Electric motors and variable speed drives (VSDs) – as used in most processes central to the manufacture of tires and general rubber goods – consume over 40% of all electricity used to power industry worldwide.
Maximising the efficiency of this equipment is, therefore, key to meeting the tire & rubber industry’s climate goals for step-change reductions in both energy-consumption and greenhouse gas emissions.
The focus areas are clearly the highly energy-intensive processes, including internal mixing, extrusion and calendering, the ‘mixing room’ or ‘compounding line’, but also auxiliary processes, such as cutting, conveying, cooling and stacking.
When it comes to energy-efficiency, the mixing process is of particular importance, given the high levels of power and control required in converting rubber raw materials and additives into specialised compounds.

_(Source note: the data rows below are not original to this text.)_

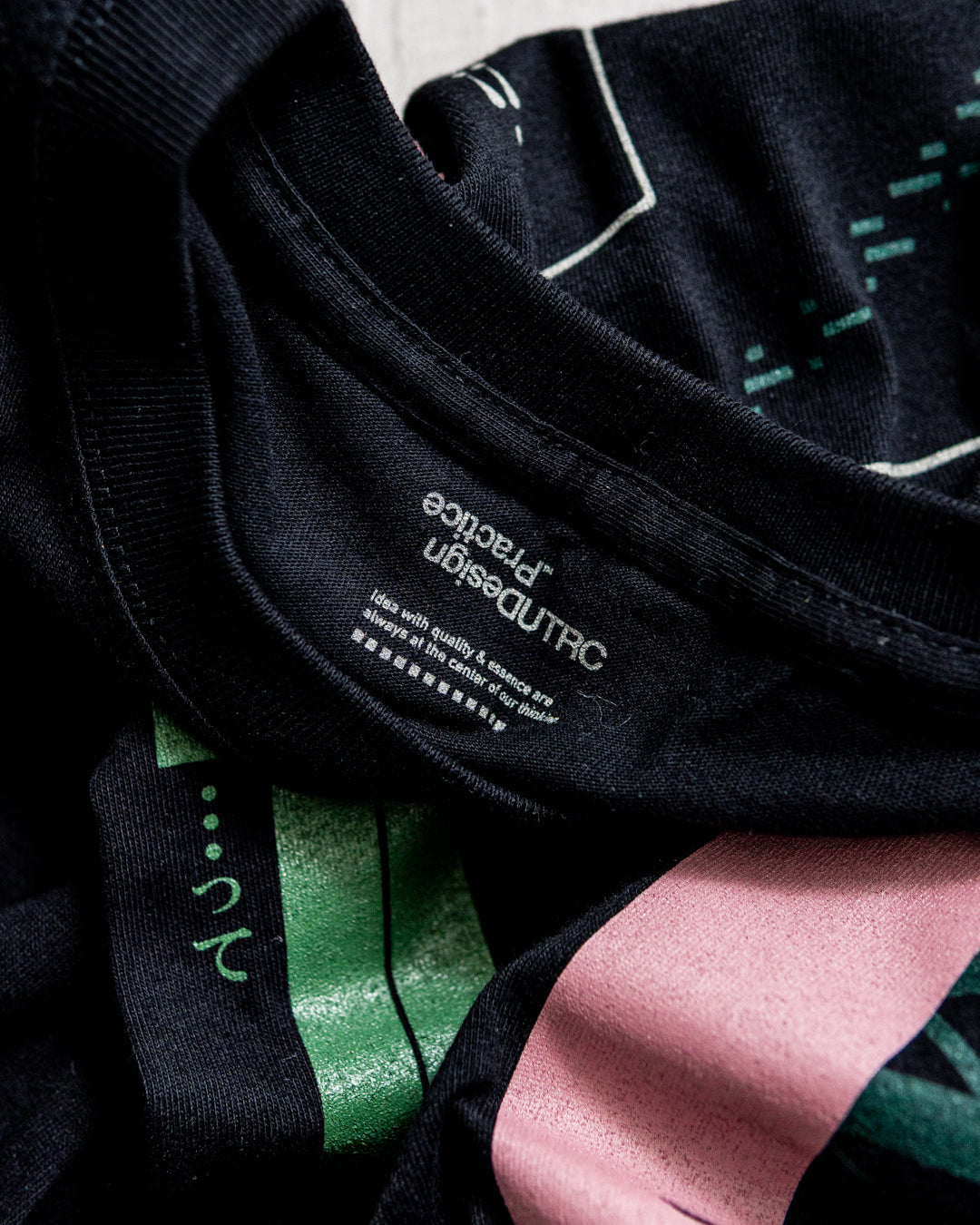 [RESTOCK]UNTRACE L/S Tee _211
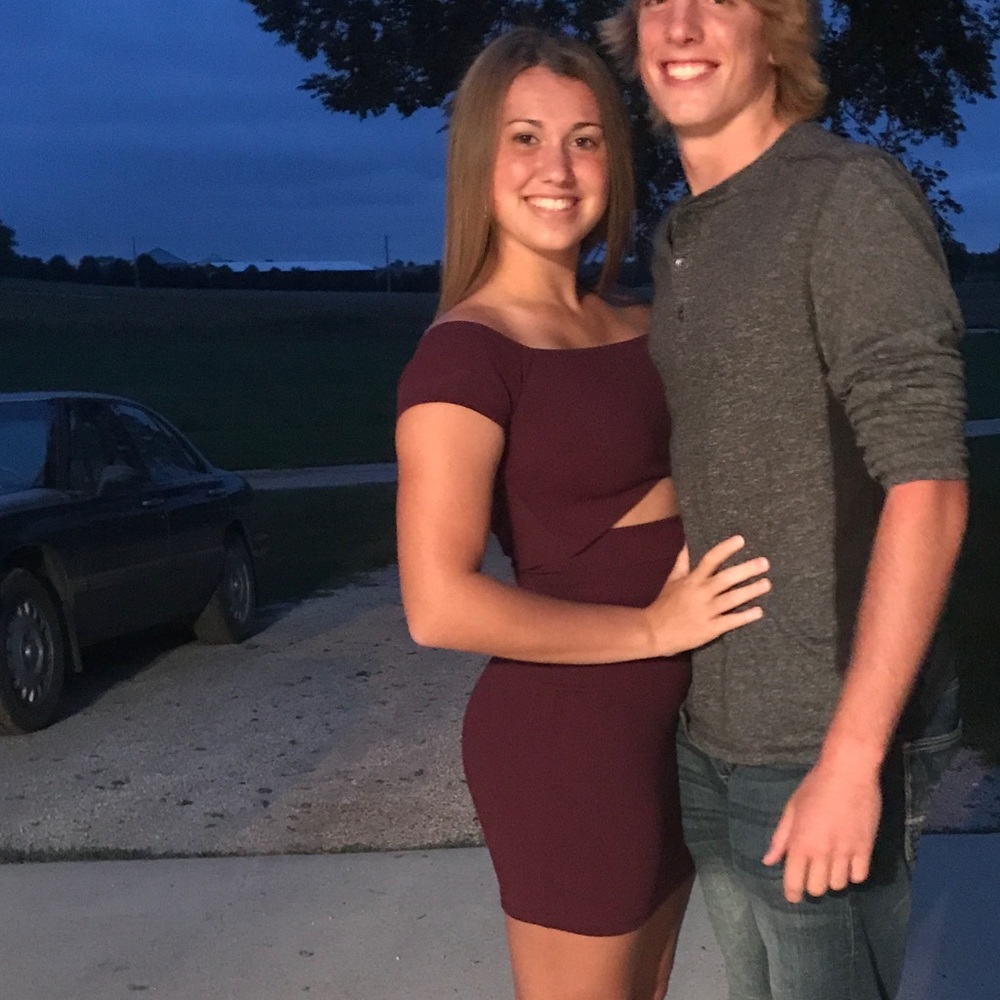Lulu’s Maroon Dress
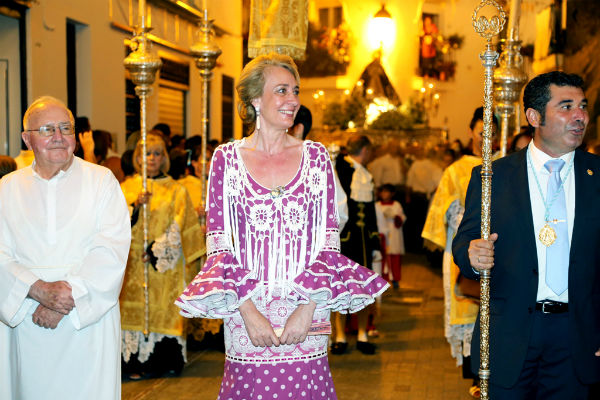 La Alcaldesa preside los actos religiosos y festivos en honor a la Virgen de La Cruz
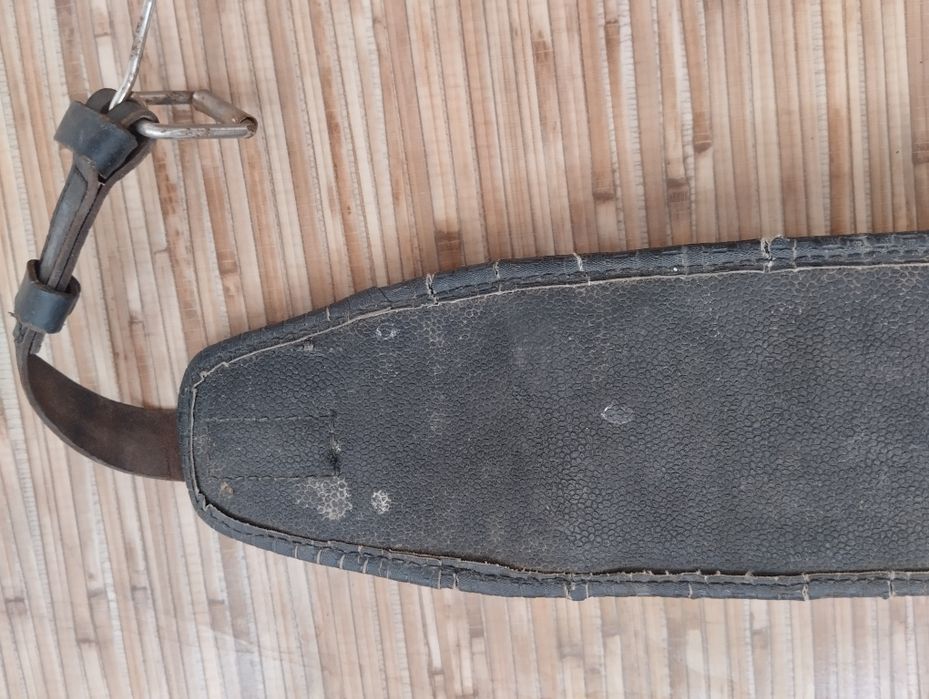 Продам кожаный .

Motors and drives play an important role in optimising rubber mixing and other processes, according to Fausto Belotti, global segment manager at ABB’s rubber and plastics drive products division.
Increasingly, he said, tire and rubber-product makers need to get fully up to speed with the latest drives & motors technologies: understanding which can best deliver the required reductions in energy-consumption and emissions going forward.

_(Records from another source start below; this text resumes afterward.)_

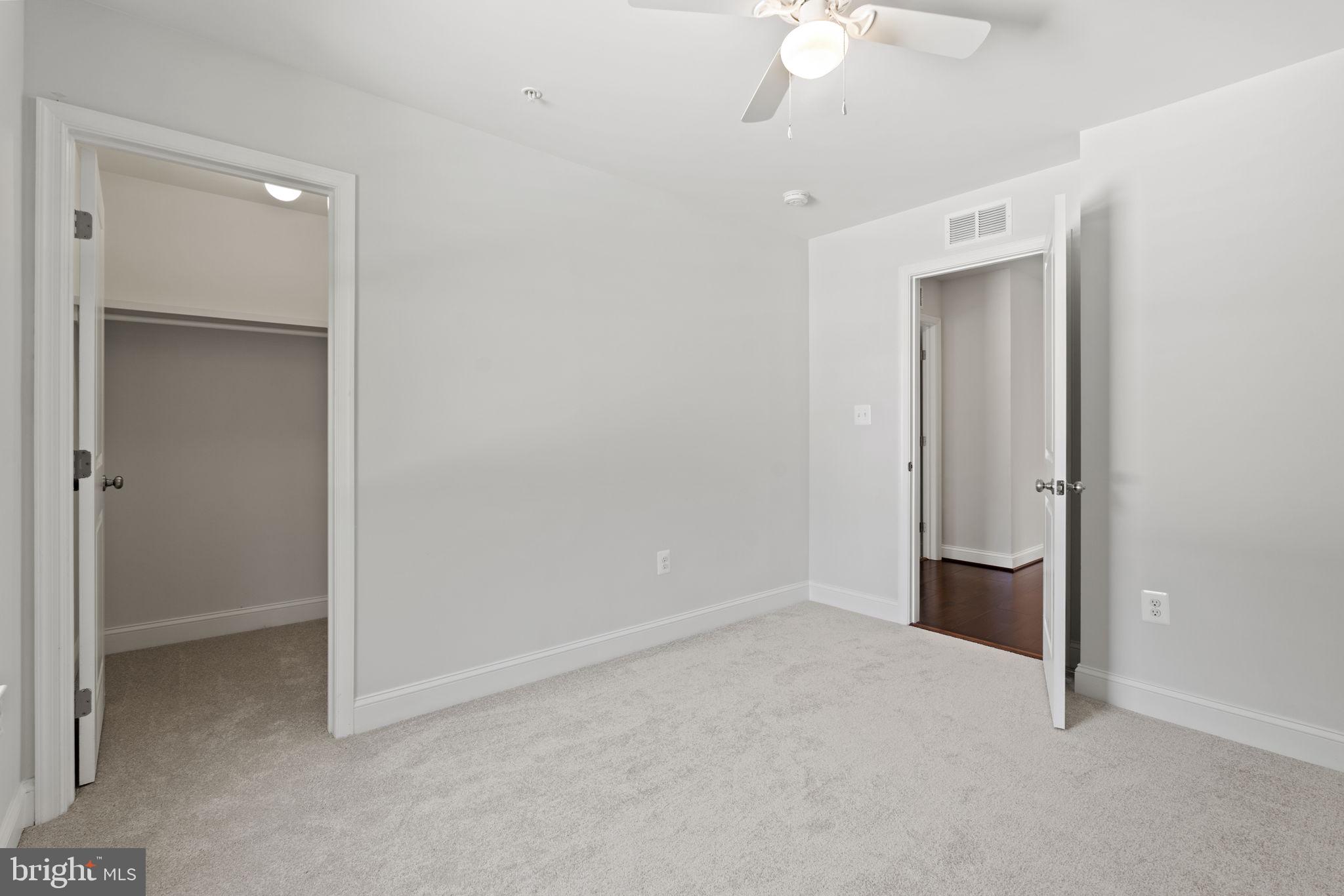 COUNTRYSIDE - Residential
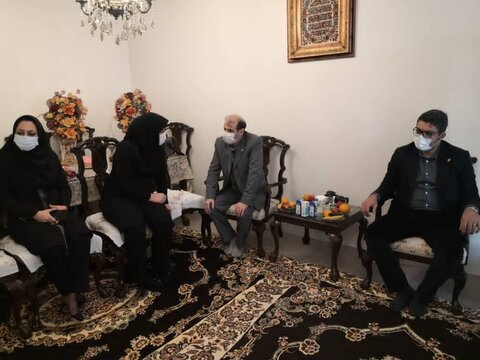 دیدار مدیرکل بهزیستی استان تهران با خانواده پذیرنده دو کودک دارای معلولیت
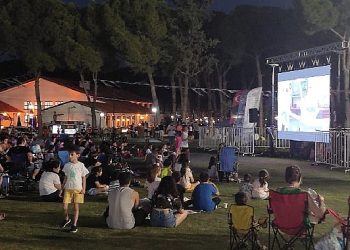 Aydın Büyükşehir Belediyesi Dokuma Park’ta her akşam farklı bir aktiflik düzenliyor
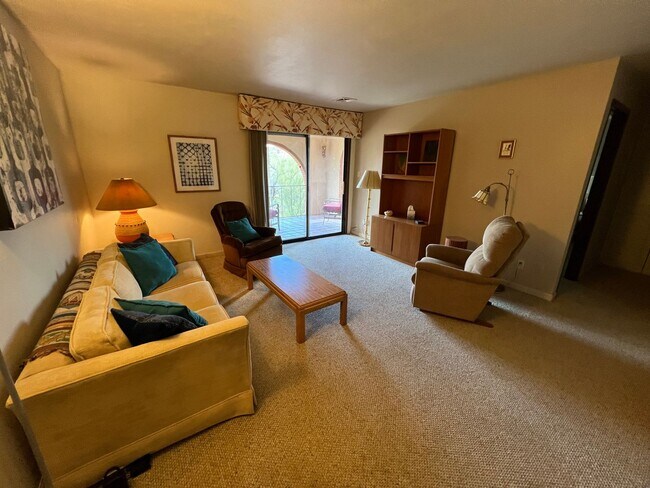 Building Photo - Sharp & Convenient 1 Bed. Condo that Can b...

“ABB supplies the necessary information to the end-users, the tire makers and rubber processors,” explains Belotti.
Tire and rubber companies, he said are “increasingly, very interested in highly energy efficient systems, because the power involved in their processes is huge. Saving just 1% though energy efficiency means a lot of money, especially with today’s spiralling electricity costs.”
While much focus is on the energy-efficiency, there is also a need to inform end-users about serviceability and maintenance issues around drives and motors.
Saving money at the initial stage in these areas can lead to major costs further down the line, cautioned Belotti, adding that “there must be a good balance across all the goals of the end-user.”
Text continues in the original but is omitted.